Data for processing below:
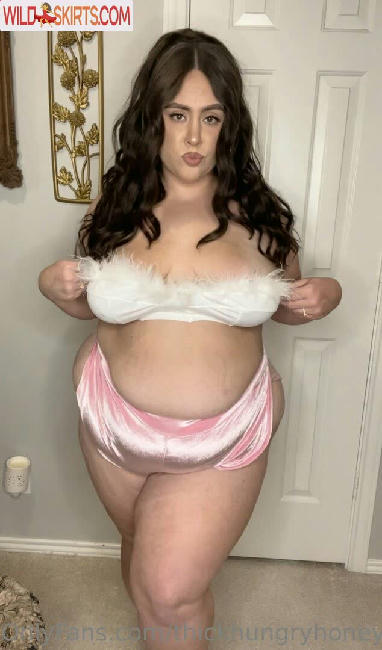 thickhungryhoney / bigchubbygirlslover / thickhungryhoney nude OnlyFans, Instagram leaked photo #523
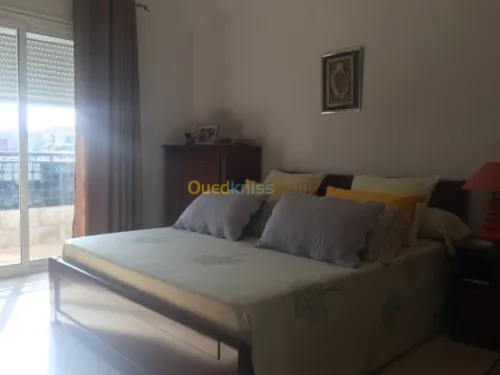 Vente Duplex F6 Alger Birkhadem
End of Data for processing.
Data for processing below:
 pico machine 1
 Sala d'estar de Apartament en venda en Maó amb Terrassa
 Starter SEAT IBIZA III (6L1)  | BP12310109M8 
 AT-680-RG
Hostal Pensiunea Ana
End of Data for processing.
Directions for this task: Above are the records; print exactly the lines from the line with "pico machine 1" to the line with "Hostal Pensiunea Ana", including both, and nothing else.

Answer space:
 pico machine 1
 Sala d'estar de Apartament en venda en Maó amb Terrassa
 Starter SEAT IBIZA III (6L1)  | BP12310109M8 
 AT-680-RG
Hostal Pensiunea Ana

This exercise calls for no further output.